In late 2016, Textio and the diversity strategy firm Paradigm identified an interesting trend: Using growth-mindset language in your talent content had a clear, positive impact on who and how you hire. Fixed-mindset language, on the other hand, had a statistically significant negative impact.

Turns out it wasn’t just a trend. Language data surfaced by Textio’s augmented writing platform shows that still today, job posts with at least one growth-mindset phrase fill an average of eight days faster than those with no such terms. Posts with two or more growth-mindset phrases fill an average of eleven days faster.
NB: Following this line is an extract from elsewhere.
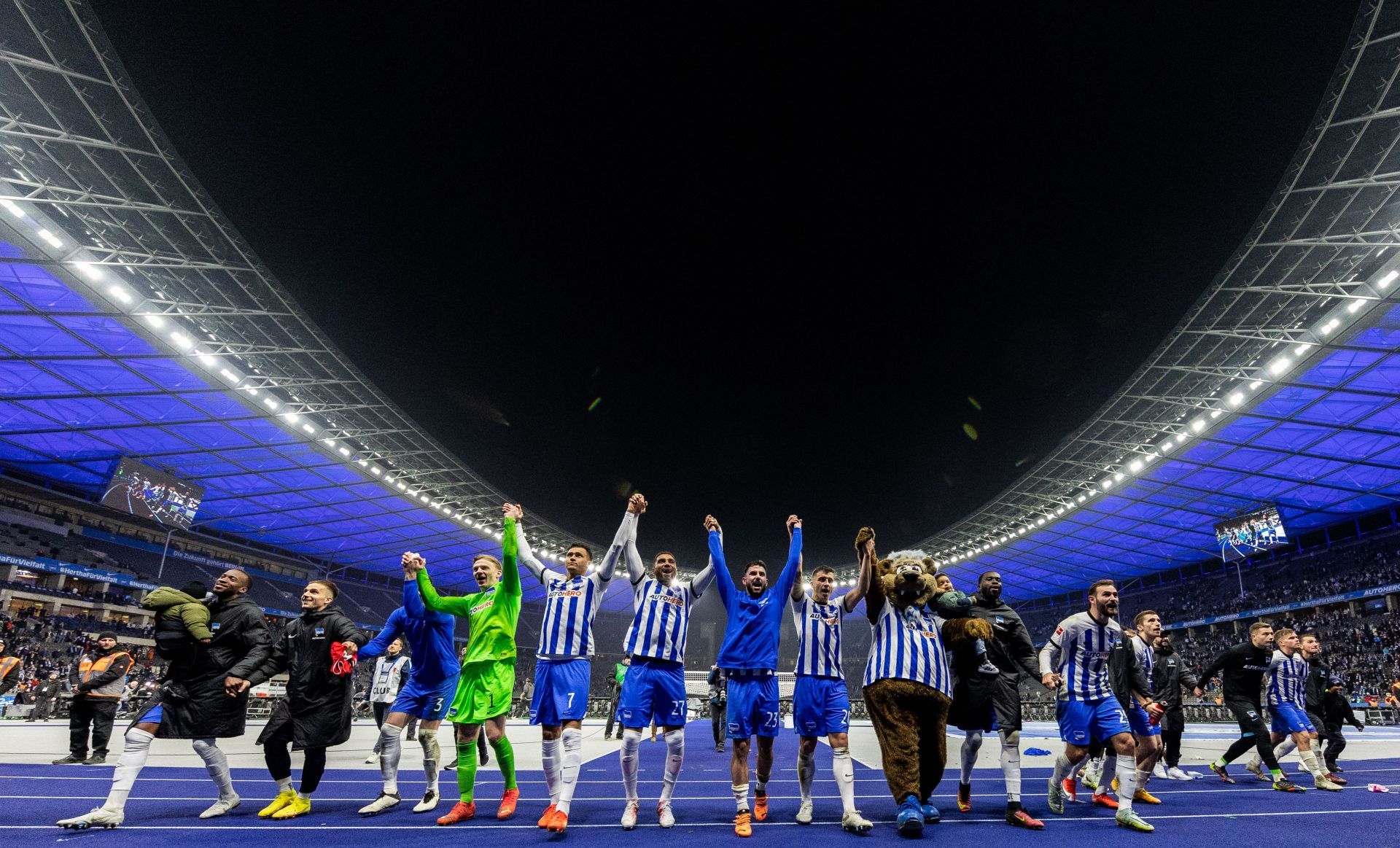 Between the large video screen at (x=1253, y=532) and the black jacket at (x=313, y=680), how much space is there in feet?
133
Language is always evolving, and the impact of those original phrases has changed since 2016. But growth-mindset language as a whole is still helping companies show up as the organizations they want to be in the market. And fixed-mindset language is still skewing employer reputations for the worse.

Growth mindset is shaping company cultures

Growth and fixed mindsets, terms popularized by Stanford professor of psychology Carol Dweck, describe the belief that a person’s abilities are either innate (fixed mindset) or learned (growth mindset).
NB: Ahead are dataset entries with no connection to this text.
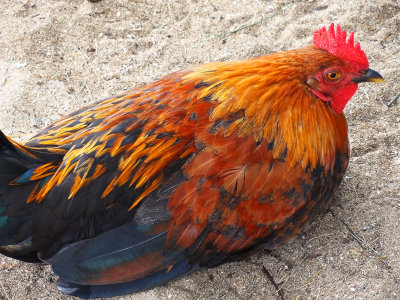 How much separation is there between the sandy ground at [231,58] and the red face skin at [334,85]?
902mm

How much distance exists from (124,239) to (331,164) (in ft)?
4.63

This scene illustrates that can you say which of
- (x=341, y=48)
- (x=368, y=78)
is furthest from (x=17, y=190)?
(x=368, y=78)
Growth mindset as a concept has caught fire in part because of what it means for an organization’s culture. When a company uses a lot of growth-mindset language, it reflects a culture that emphasizes learning from others, and from your own mistakes, so you can move quickly and find the right path forward.
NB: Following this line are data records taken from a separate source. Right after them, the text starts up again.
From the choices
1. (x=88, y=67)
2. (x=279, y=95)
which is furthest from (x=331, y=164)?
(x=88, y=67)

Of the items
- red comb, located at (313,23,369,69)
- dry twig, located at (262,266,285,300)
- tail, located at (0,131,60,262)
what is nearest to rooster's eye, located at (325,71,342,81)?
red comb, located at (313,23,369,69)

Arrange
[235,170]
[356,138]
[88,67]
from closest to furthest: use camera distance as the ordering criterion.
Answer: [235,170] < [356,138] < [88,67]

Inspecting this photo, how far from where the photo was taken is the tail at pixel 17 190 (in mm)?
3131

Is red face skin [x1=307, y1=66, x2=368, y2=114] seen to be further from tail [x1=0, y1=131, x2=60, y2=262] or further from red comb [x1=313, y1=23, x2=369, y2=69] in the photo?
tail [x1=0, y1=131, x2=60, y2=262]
Using growth-mindset language has especially taken hold at companies that are innovating, including Textio customers. Some have substantially changed their messaging to include more growth-oriented language.

The words have changed, but the impact remains

As often happens with language, when terms become more well-known, their interpretations evolve. The mainstreaming of growth mindset has caused a cultural language shift.

In the four years since Textio first identified the growth-mindset trend, only a portion of the original phrases that had a favorable impact on time to fill still do. Some of those previous words now have no impact, positive or negative, on how fast a role fills. But Textio’s predictive engine is always finding fresh language insights, and has uncovered other growth-mindset phrases that do currently make a difference. Among the new terms that resonate now are opportunity to grow, work hard, persevere, and forward thinker.

Fixed-mindset language hints at parts of company culture that can turn job seekers off. While using the word rockstar in your job post may have gotten the bulk of bad press, other cringeworthy terms like superhero or even genius, both fixed-mindset phrases, can be just as damaging to your employer brand. Ditto high performer, expert, and natural talent, all currently showing a negative impact. Can you feel the stagnation in these words? Arianna Huffington famously declared that Uber would no longer hire “brilliant jerks”—it’s no wonder that brilliant now has a negative impact in recruiting content.

Change your language, change your employer brand

By changing the language your company uses, you can change the people you attract and hire, and perpetuate the culture you want at your company. While it’s difficult to stay on top of language change, it’s necessary. It creates cultural accountability, and shines a light on what your company truly values. Make sure your content is reflecting the employer brand you want for your company.